さらに言えば小学校の校舎。校舎と運動場があって毎朝運動場では生徒が整列して朝礼という行事がある。こういう形式が日本独特のものなのかどうか、世界中の学校を知っているわけではないから断定的には言えないが、少なくとも映画で見るかぎり、日本と同じようなやり方でそれを見せてくれるのは台湾映画である。そしてそれがいくつか印象に深い場面になっている。たとえば『村と爆弾』では朝礼で先生が生徒に鉄の供出についての演説をすることが、不発弾を町まで運んでほうびを貰おうというこの奇抜な物語の発端になるし、そこではまた村民たちの防空演習などの社会訓練も行なわれていて、校長先生が村の婦人たちに演説して、「アメリカ人のナニは大きいから…」といったおかしなことを言うことにもなる。『赤い柿』ではこの朝礼で、本土からやってきた将軍の一家の子どもたちが転校してきた最初の日にみんなの前で軍隊式の行進をやって笑いものにされる。まあなんでもない日常習慣のひとコマと言ってしまえばそれまでたが、外国映画で日本独自の習慣を見るとひときわ新鮮な印象が生じ、日本のこの習慣が学校制度を軍隊教育の予備的な役割りと位置づけ、また社会教育の場ともした明治の学校制度創設者たちのねらいなども改めて思い起こすことができる。そういえば『赤い柿』には小学校の運動会の場面もあったと思うが、子どもたちと父兄が一緒に愉しむ村の父兄親睦に小学校の運動会が重要な役割を果たすというのも日本と台湾の共有する良い習慣だと思われる。

ただし、小学校のあり方など日本と台湾が全く共通していると考えてはならない。『熱帯魚』で小学生が先生から体罰をくらう場面があるが、生徒は両方の掌を上にむけて差し出し、先生は物差しかなにかでこれを叩く。これは1940年代の上海の中国映画『哀楽中年』などでも見られた中国式であって、学校教育は多分に本土と共通するやり方らしいということの一端がそこで分かる。かなり痛そうだが、拳骨で頭を殴るという日本式とは違って体罰が人格の侮辱にはならないように配慮されていることに注目すべきである。頭という部分は人格のシンボルであるからこそ日本の教育は体罰でそこを殴って人格的にも生徒を屈服させようとするし、中国式ではそれを避ける。映画で分かる教訓だ。またどの作品だだったろうか、小学校の歴史の時間で、下関条約で日本が満国から奪った賠償金こそが日本の資本主義の飛躍のきっかけとなった、と教えている場面があった。
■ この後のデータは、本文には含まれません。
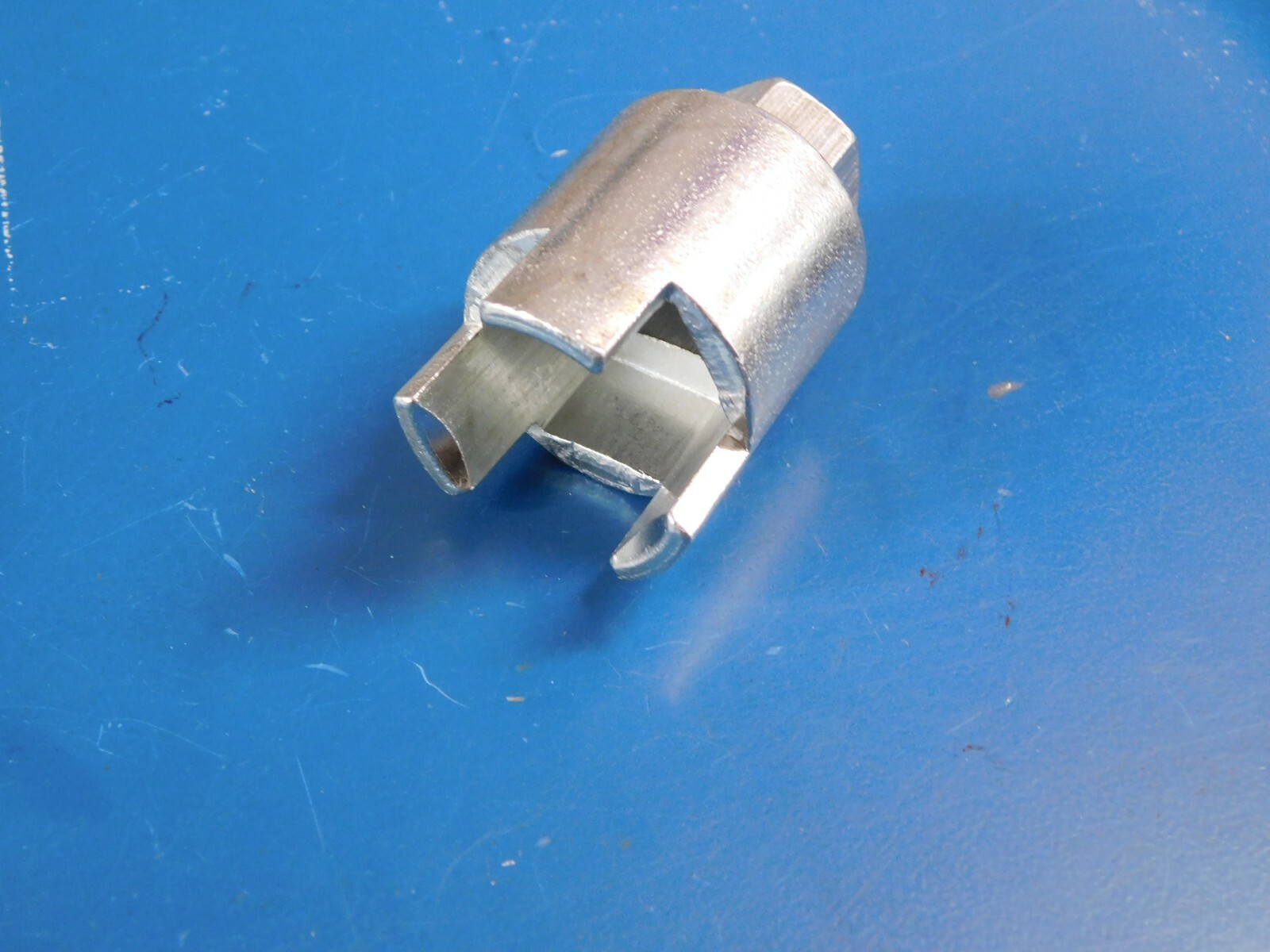 CLUTCH REMOVAL TOOL FOR HUSQVARNA CHAINSAW 357 359 ------------- UP 664 gallery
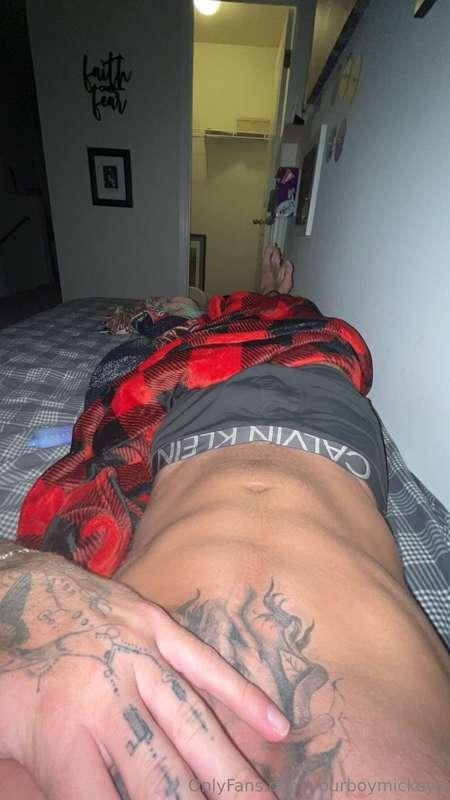 Im sooo horny ;) daddys responding to all messages rn. Don't..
日本の学校教育との違いは残虐行為などの戦争責任に関することにはとどまらない。

 

3 台湾語映画

 

本来は台湾は中国の一部でれっきとした中国文化圏の一環であるが、日本による支配を半世紀にわたって受けて日本の影響もあり、さらにその後、アメリカ軍の保護下でやはり半世紀近く自由主義圏に属して大陸から隔絶してもきたので、台湾の文化には大陸の中国文化とは微妙に違う独自性も生じている。中国的であることと台湾独自であることとの間の揺れ動きは台湾映画史を特徴づける重要な点である。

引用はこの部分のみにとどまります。